— Work task —
Restate the full listing word for word; images stay out of it.
### Exercise input ###
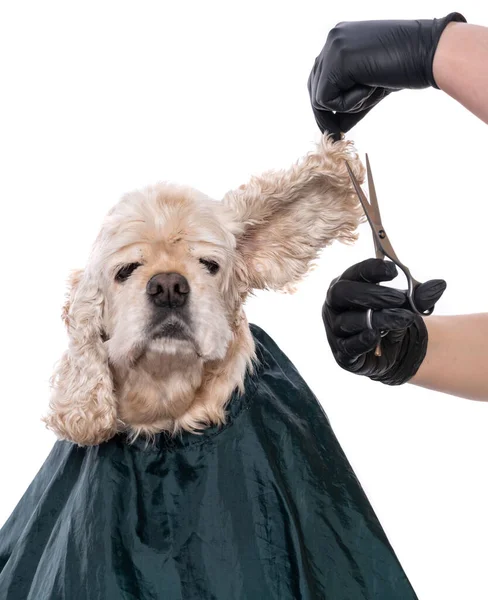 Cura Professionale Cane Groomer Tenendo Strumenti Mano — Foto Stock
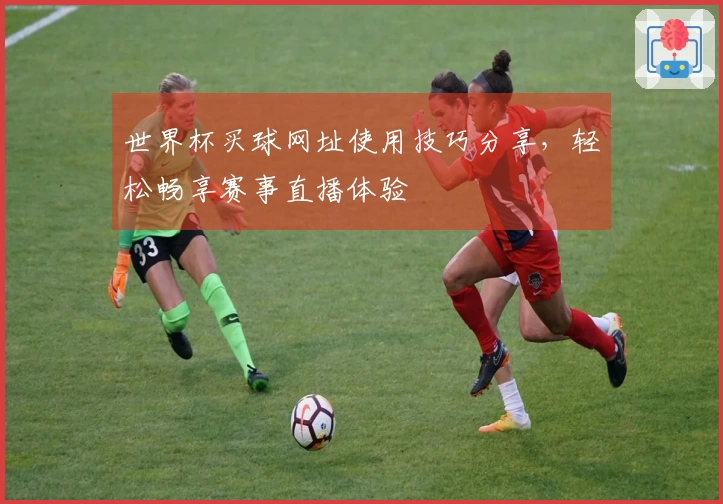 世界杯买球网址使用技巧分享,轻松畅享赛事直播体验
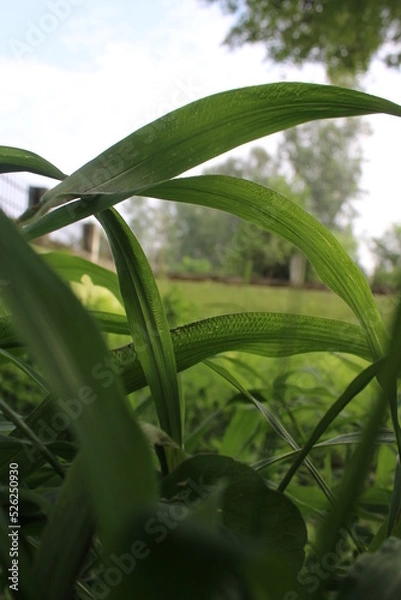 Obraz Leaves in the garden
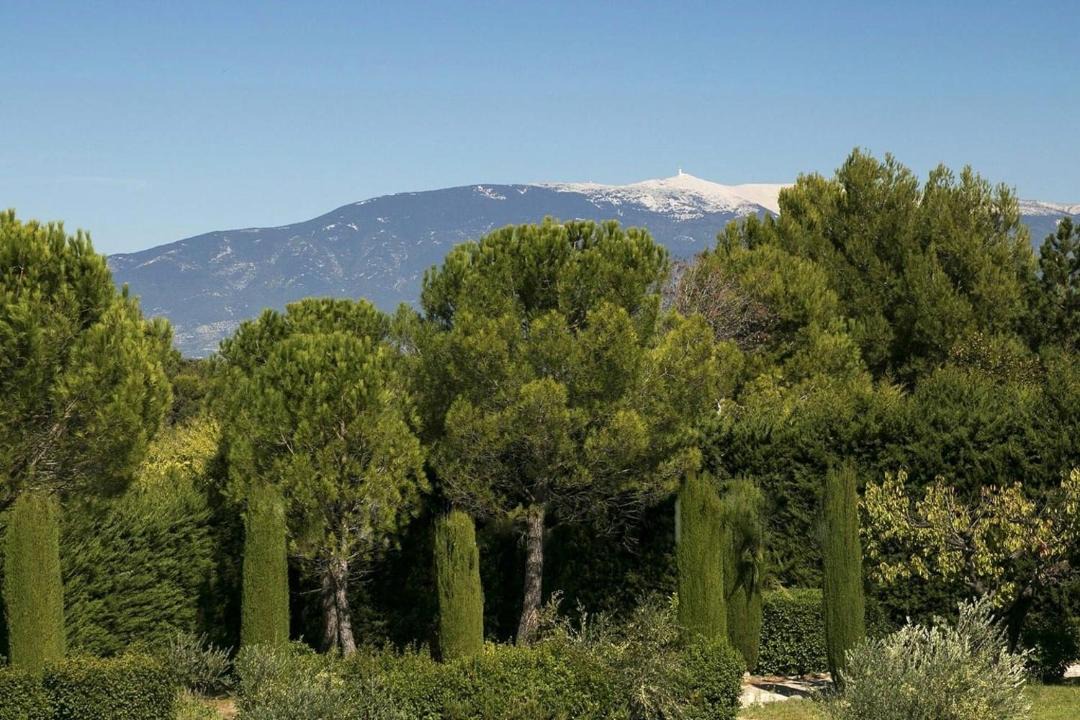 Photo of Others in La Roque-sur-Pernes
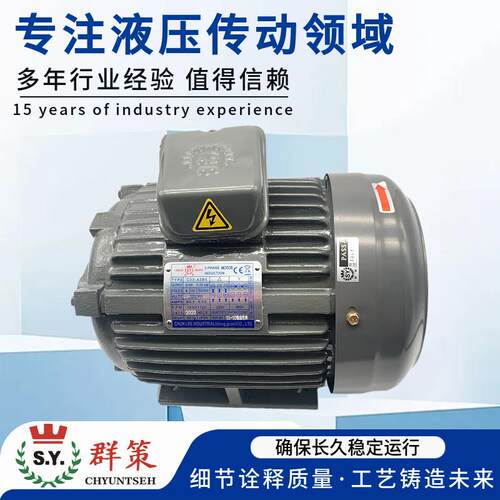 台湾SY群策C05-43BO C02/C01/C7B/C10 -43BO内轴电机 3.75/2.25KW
###
— Response area —
 Cura Professionale Cane Groomer Tenendo Strumenti Mano — Foto Stock
 世界杯买球网址使用技巧分享,轻松畅享赛事直播体验
 Obraz Leaves in the garden
 Photo of Others in La Roque-sur-Pernes
 台湾SY群策C05-43BO C02/C01/C7B/C10 -43BO内轴电机 3.75/2.25KW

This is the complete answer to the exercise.